17. Further, in respect of the evidence of Mr Mohamed, it is accepted that he was not an expert although he claimed some experience with international organisations and the EU in Sudan and overseas. He claimed no expertise in linguistic analysis but concluded that the appellant spoke Rotana with a typical Darfuri accent. Also, he relied upon the appellant’s particular knowledge for his conclusion as to his ethnic and geographic origins. In our judgment, given the accepted lack of expertise, the weight to be given this evidence (particularly in the absence of any cross-examination) lay peculiarly within the domain of the judge and we are unable to conclude that it was perverse or irrational of her to give it “little weight”.

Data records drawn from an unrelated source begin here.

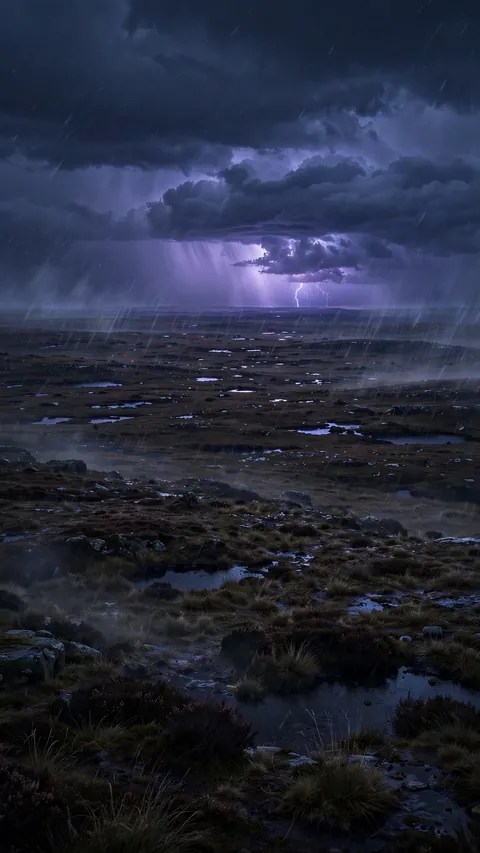 The Plateau Lit by Distance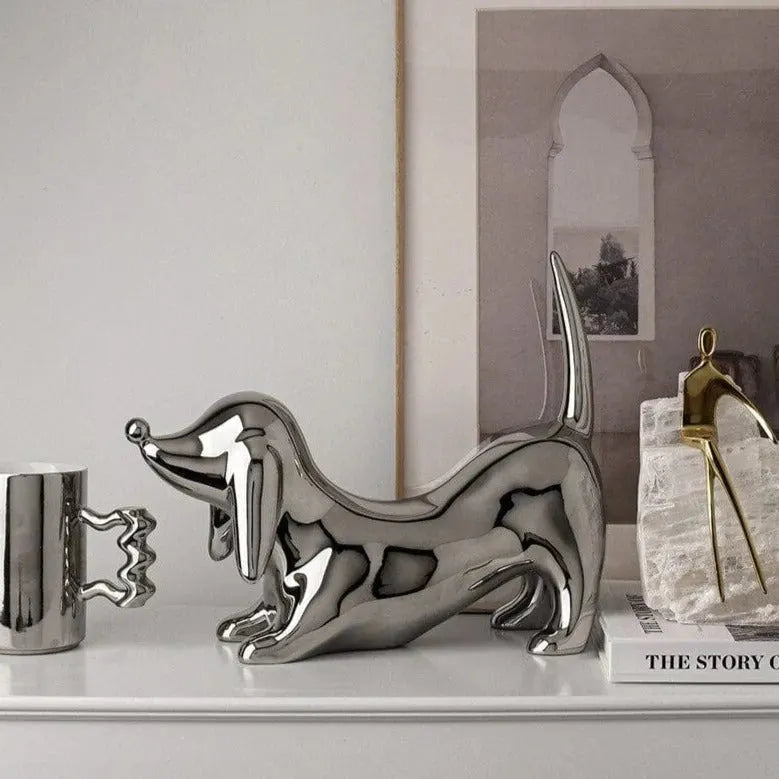 Luxury Dachshund Statue The Doxie World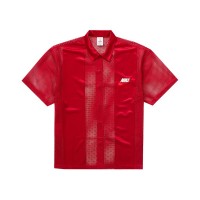 Supreme Nike Mesh S/S Shirt Red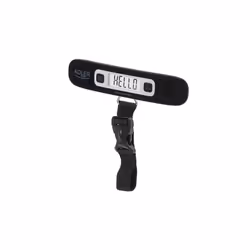 Adler | Balance à bagages de voyage | 8190 après JC | Poids maximum (capacité de charge) 50 kg | Précision 10 g | Noir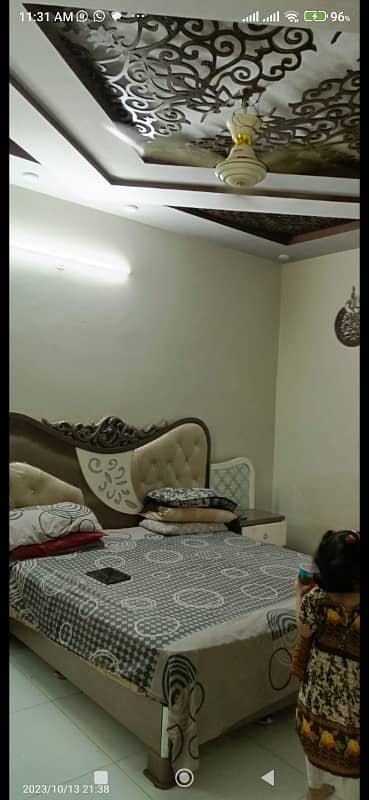 SECTOR 11/B BEAUTIFUL RENOVATED GROUND PLUS TWO HOUSE WIDE ROAD WEST OPEN LOAD SHEDDING FREE AREA NORTH KARACHI 10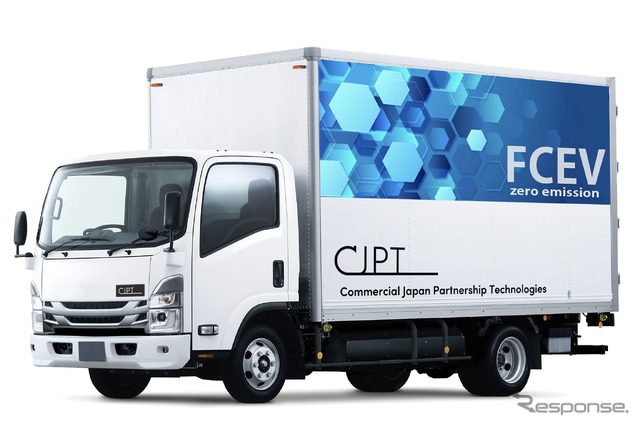 CJPTで企画・開発している量販燃料電池小型トラック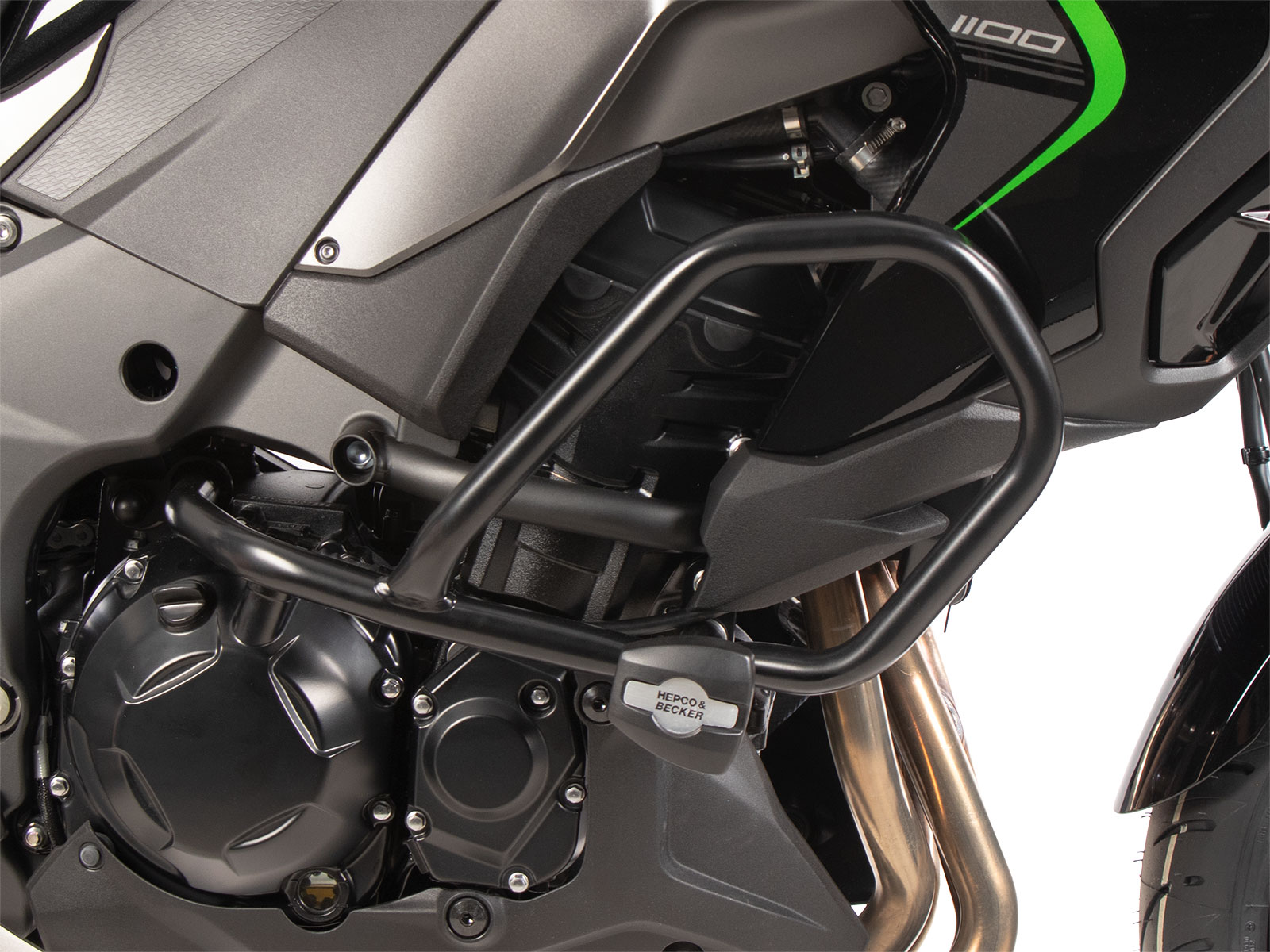 Motorschutzbügel inkl. Protectionpad schwarz für Kawasaki Versys 1100 / SE (2025-)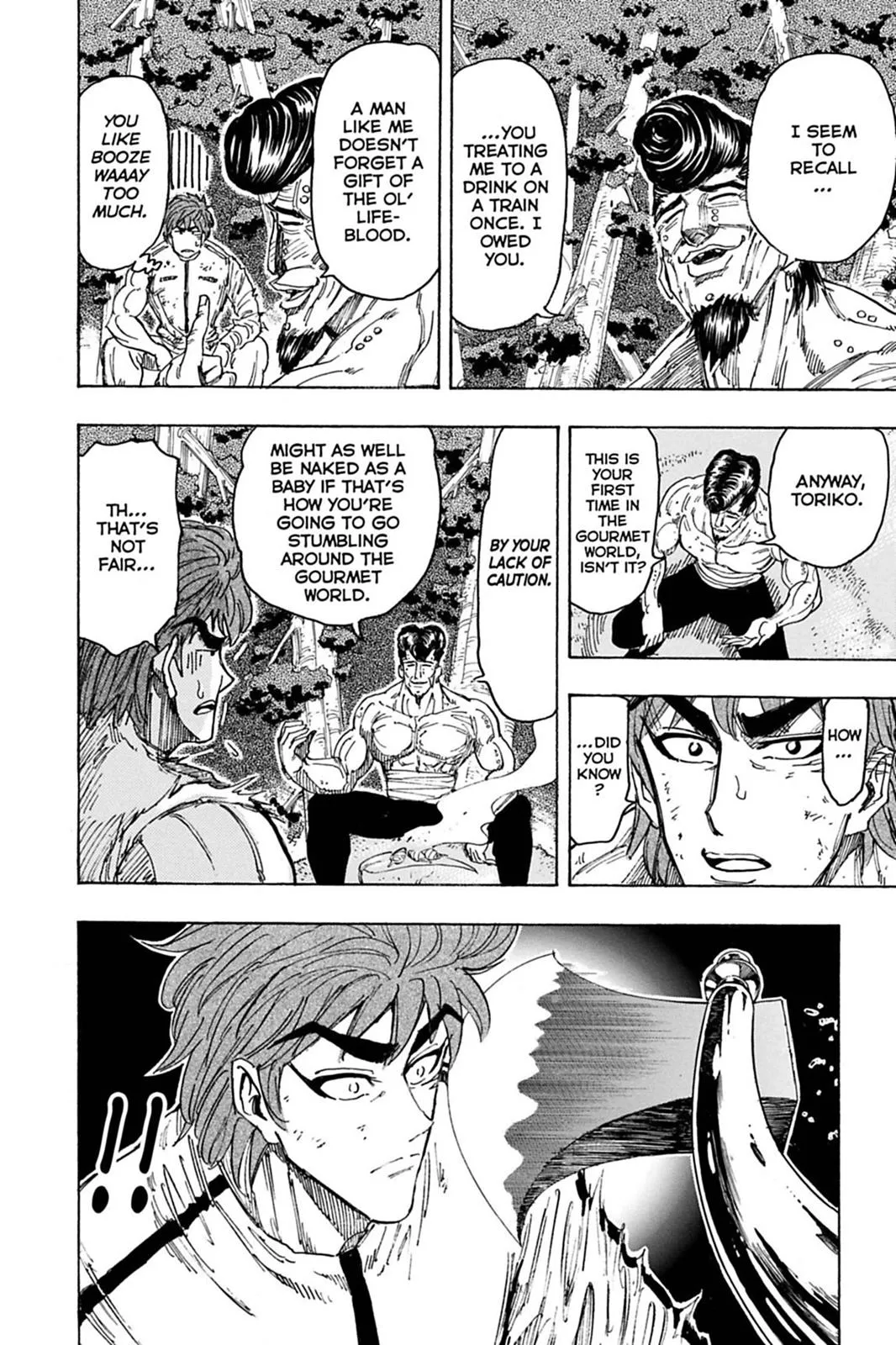 Read Toriko (en) Manga Online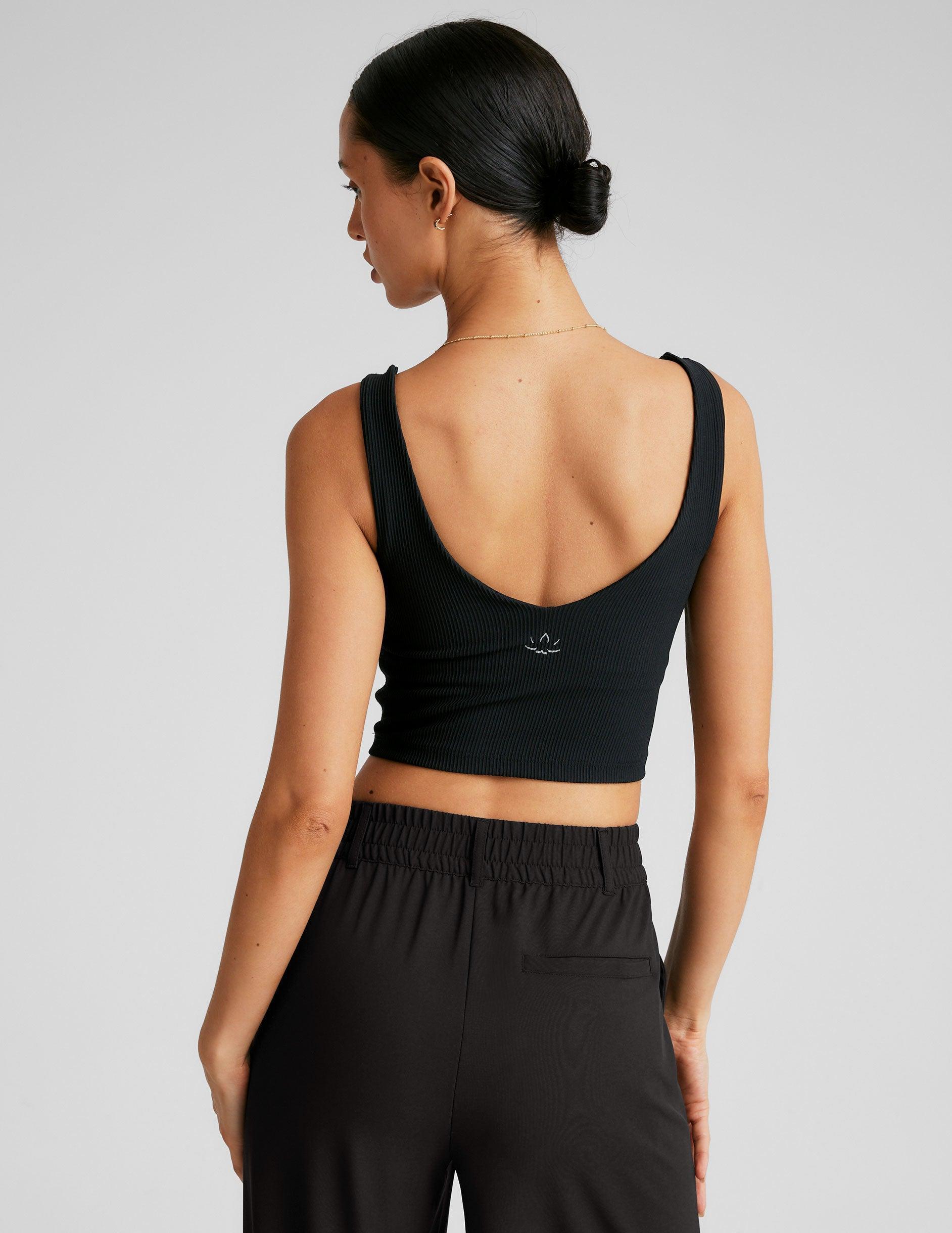 Impulse Ribbed Cropped Tank Product Image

18. Turning to the judge’s treatment of the supporting letters from the Tama Tribe Community UK and the Darfur Community in Wales, the judge’s reasons for giving both of these documents “little weight” is set out at para 37 as follows:
“37. I now turn to the other evidence submitted to support the Appellant’s ethnicity claims. He has submitted a letter from the Tama tribe Community UK (Appellant’s bundle, pages A5-A6) and a letter from the Darfur community Cardiff (Appellant’s bundle, page A7). The letter from the Tama tribe seems to just agree with the content of the Darfur Community letter. The Appellant came to the UK in October 2015 and this letter is dated 11 July 2016. The Appellant has not produced the original of this document and the writer of the letter did not attend to give the Appellant support at the hearing. The letter states the Appellant knew a lot about the Tama but it is the case that the Appellant has had nearly a year to look into the Tama tribe and learn considerably more than he did in his AI. I give little weight to these letters.”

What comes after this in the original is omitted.